In New Brunswick, September means the arrival of thousands of new and returning students beginning a new year of their college education. However, before the Labor Day weekend, when SUVs and minivans congregate on New Brunswick streets, international students are asked to arrive early and take part in a weeklong orientation. Last Thursday (August 28), The Center for Global Services invited the New Jersey Bicycle and Pedestrian Resource Center (NJBPRC) to host an orientation session on bicycling at Rutgers and in New Jersey as part of this orientation week.
Forty-five students from a variety of countries, including India, China, the Netherlands, Spain, and Chile, joined the NJBPRC team in a large classroom at the heart of the College Avenue campus. With a stylish cruiser bicycle as a prop, and dozens of slides at the ready, the team went through the most important tips about bicycling in New Jersey.
After a brief introduction of the Resource Center, the program began with information on how to pick the right bicycle, which essential equipment to purchase (such as lights!), and tips on where the local shops and repair locations are located. From there, the team moved onto critical safety information, such as how to wear a helmet, what hazards to look out for in the roadway, and ways to prevent collisions with automobiles.
Because laws and infrastructure vary so wildly around the world, the Bicycle Ambassadors who gave the meat of the presentation made sure to talk about the legal – and safest – ways to bicycle in New Jersey. That included going over typical signage, ways to signal turns, and the best place to ride in the roadway. Although many New Jersey communities including New Brunswick are taking steps to add bicycle infrastructure, most area streets still lack bike lanes, so time was spent discussing the safest ways to bicycle away from parked cars and avoid being “doored”.
The ambassadors also gave tips on caring for bicycles, including checking the air in tires, and a demonstration on how to lock a bike. While most people know that locking up a bike is important, many bikes are locked in ways that are easy for thieves to circumvent. The team made sure to point out why locking only to a tire is a bad idea (they can be detached easily), and demonstrated how to lock the frame and tire together to ensure the upmost security.

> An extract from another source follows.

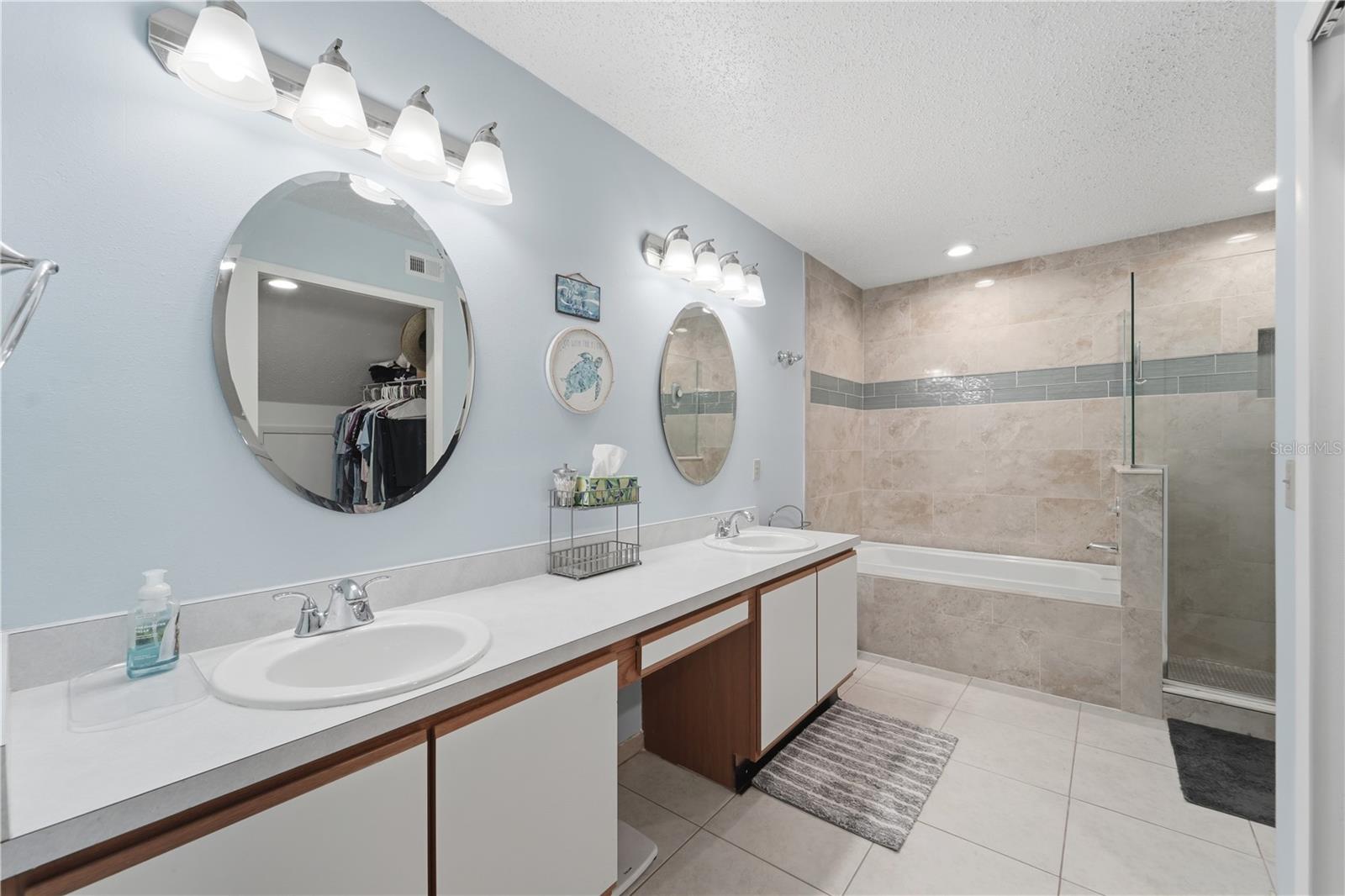 HOLLOWBROOK WEST PH 4 - Residential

The presentation also had a section on taking the bicycle beyond New Brunswick, including the rules for taking bikes on trains, and a video demonstration on using the racks located on the front of a bus.
Finally, the team held a Q&A session, which included going into specific details on specific area bike paths, available resources, and local ordinances. The team also reminded attendees that the Bicycle and Pedestrian Resource Center is available to answer additional questions, and many resources are available to them on how to bike safely in New Jersey.